Re: [PATCH] usb: dwc3: Potential fix of possible dwc3 interrupt storm

From: Selvarasu Ganesan
Date: Mon Sep 02 2024 - 07:27:55 EST



On 8/31/2024 6:20 AM, Thinh Nguyen wrote:
> Hi Selvarasu,
>
> On Fri, Aug 30, 2024, Selvarasu Ganesan wrote:
>> On 8/10/2024 5:12 AM, Thinh Nguyen wrote:
>>> On Thu, Aug 08, 2024, Selvarasu Ganesan wrote:
>>>> On 8/8/2024 6:45 AM, Thinh Nguyen wrote:
>>>>> On Wed, Aug 07, 2024, Selvarasu Ganesan wrote:
>>>>>> On 8/7/2024 6:08 AM, Thinh Nguyen wrote:
>>>>>>> On Fri, Jul 19, 2024, Selvarasu Ganesan wrote:
>>>>>>>> In certain scenarios, there is a chance that the CPU may not be
>>>>>>>> scheduled the bottom half of dwc3 interrupt. This is because the CPU
>>>>>>>> may hang up where any work queue lockup has happened for the same CPU
>>>>>>>> that is trying to schedule the dwc3 thread interrupt. In this scenario,
>>>>>>>> the USB can enter runtime suspend as the bus may idle for a longer time
>>>>>>>> , or user can reconnect the USB cable. Then, the dwc3 event interrupt
>>>>>>>> can be enabled when runtime resume is happening with regardless of the
>>>>>>>> previous event status. This can lead to a dwc3 IRQ storm due to the
>>>>>>>> return from the interrupt handler by checking only the evt->flags as
>>>>>>>> DWC3_EVENT_PENDING, where the same flag was set as DWC3_EVENT_PENDING
>>>>>>>> in previous work queue lockup.
>>>>>>>> Let's consider the following sequences in this scenario,
>>>>>>>>
>>>>>>>> Call trace of dwc3 IRQ after workqueue lockup scenario
>>>>>>>> ======================================================
>>>>>>>> IRQ #1:
>>>>>>>> ->dwc3_interrupt()
>>>>>>>> ->dwc3_check_event_buf()
>>>>>>>> ->if (evt->flags & DWC3_EVENT_PENDING)

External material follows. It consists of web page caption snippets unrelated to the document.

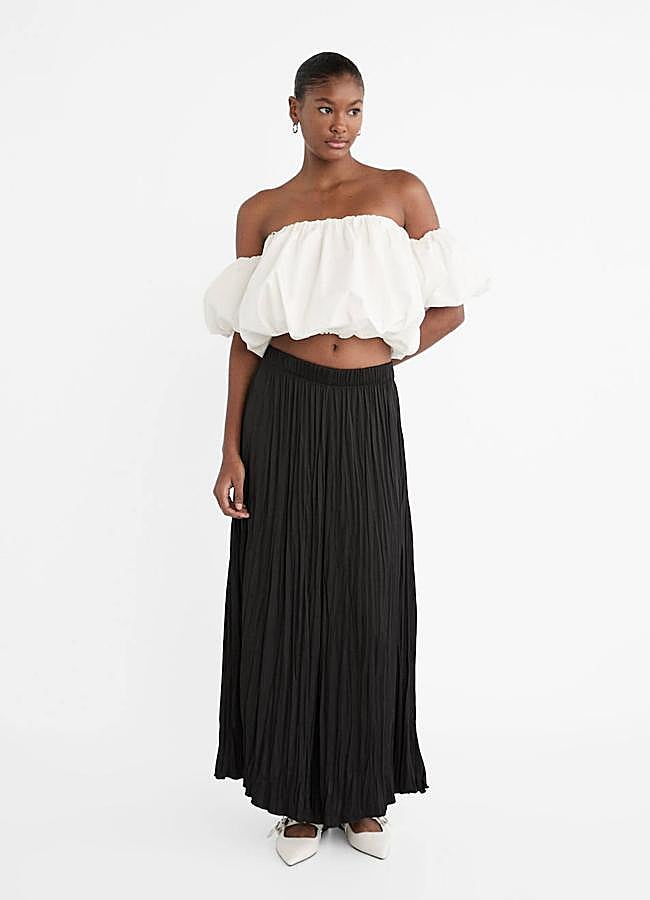 Imagen - Falda larga plisada color negro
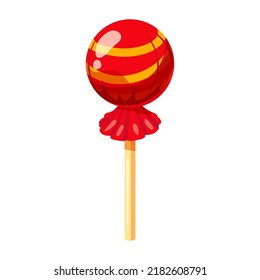 Candy on a stick isometric 3d sweet. Lollipop caramel vector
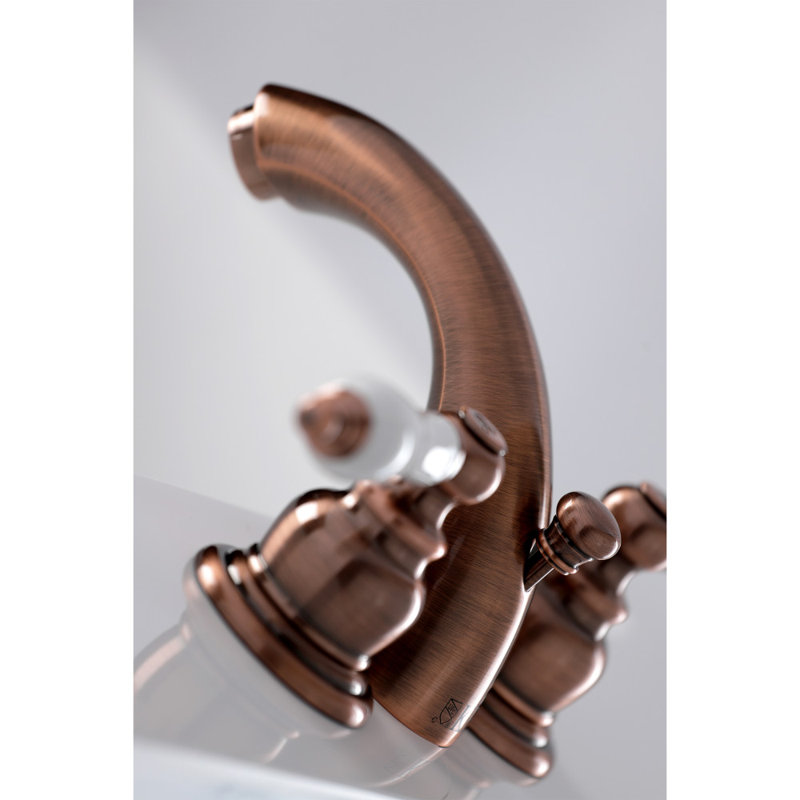 Kingston Brass Victorian Two-Handle 3-Hole Deck Mount Mini-Widespread Bathroom Faucet with Plastic Pop-Up, Antique Copper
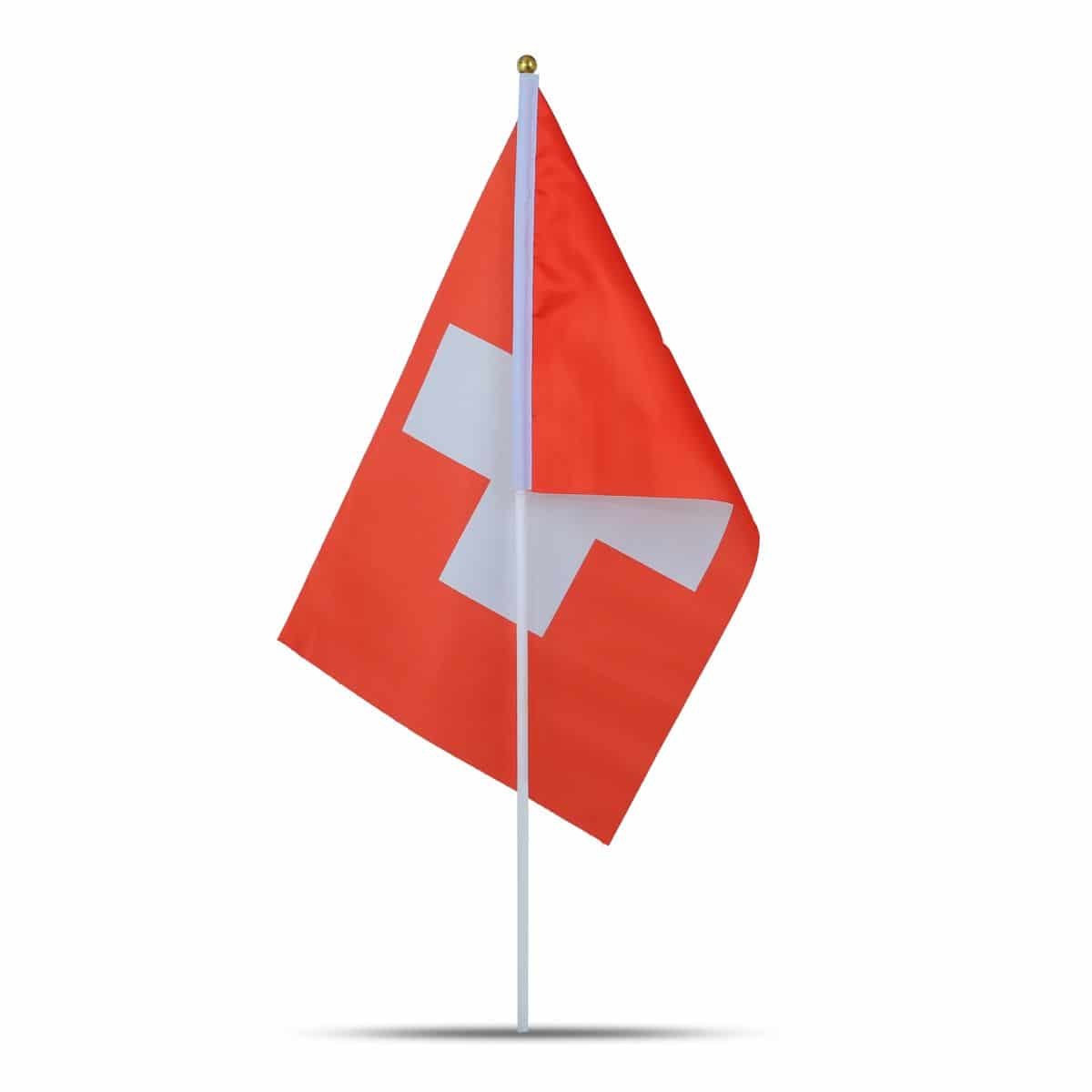 10er Set Fahne Flagge Winkfahne "Schweiz" Switzerland Handfahne EM WM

>>>>>>>> return IRQ_HANDLED;
>>>>>>>> ->evt->flags |= DWC3_EVENT_PENDING;
>>>>>>>> ->/* Disable interrupt by setting DWC3_GEVNTSIZ_INTMASK in
>>>>>>>> DWC3_GEVNTSIZ
>>>>>>>> ->return IRQ_WAKE_THREAD; // No workqueue scheduled for dwc3
>>>>>>>> thread_fu due to workqueue lockup
>>>>>>>> even after return IRQ_WAKE_THREAD
>>>>>>>> from top-half.
>>>>>>>>
>>>>>>>> Thread #2:
>>>>>>>> ->dwc3_runtime_resume()
>>>>>>>> ->dwc3_resume_common()
>>>>>>>> ->dwc3_gadget_resume()
>>>>>>>> ->dwc3_gadget_soft_connect()
>>>>>>>> ->dwc3_event_buffers_setup()
>>>>>>>> ->/*Enable interrupt by clearing DWC3_GEVNTSIZ_INTMASK in
>>>>>>>> DWC3_GEVNTSIZ*/
>>>>>>>>
>>>>>>>> Start IRQ Storming after enable dwc3 event in resume path
>>>>>>>> =========================================================
>>>>>>>> CPU0: IRQ
>>>>>>>> dwc3_interrupt()
>>>>>>>> dwc3_check_event_buf()
>>>>>>>> if (evt->flags & DWC3_EVENT_PENDING)
>>>>>>>> return IRQ_HANDLED;
>>>>>>>>
>>>>>>>> CPU0: IRQ
>>>>>>>> dwc3_interrupt()
>>>>>>>> dwc3_check_event_buf()
>>>>>>>> if (evt->flags & DWC3_EVENT_PENDING)
>>>>>>>> return IRQ_HANDLED;
>>>>>>>> ..
>>>>>>>> ..
>>>>>>>>
>>>>>>>> To fix this issue by avoiding enabling of the dwc3 event interrupt in
>>>>>>>> the runtime resume path if dwc3 event processing is in progress.
>>>>>>>>
>>>>>>>> Signed-off-by: Selvarasu Ganesan <selvarasu.g@xxxxxxxxxxx>
>>>>>>>> ---
>>>>>>>> drivers/usb/dwc3/core.c | 8 ++++++--
>>>>>>>> 1 file changed, 6 insertions(+), 2 deletions(-)
>>>>>>>>
>>>>>>>> diff --git a/drivers/usb/dwc3/core.c b/drivers/usb/dwc3/core.c
>>>>>>>> index cb82557678dd..610792a70805 100644
>>>>>>>> --- a/drivers/usb/dwc3/core.c
>>>>>>>> +++ b/drivers/usb/dwc3/core.c
>>>>>>>> @@ -549,8 +549,12 @@ int dwc3_event_buffers_setup(struct dwc3 *dwc)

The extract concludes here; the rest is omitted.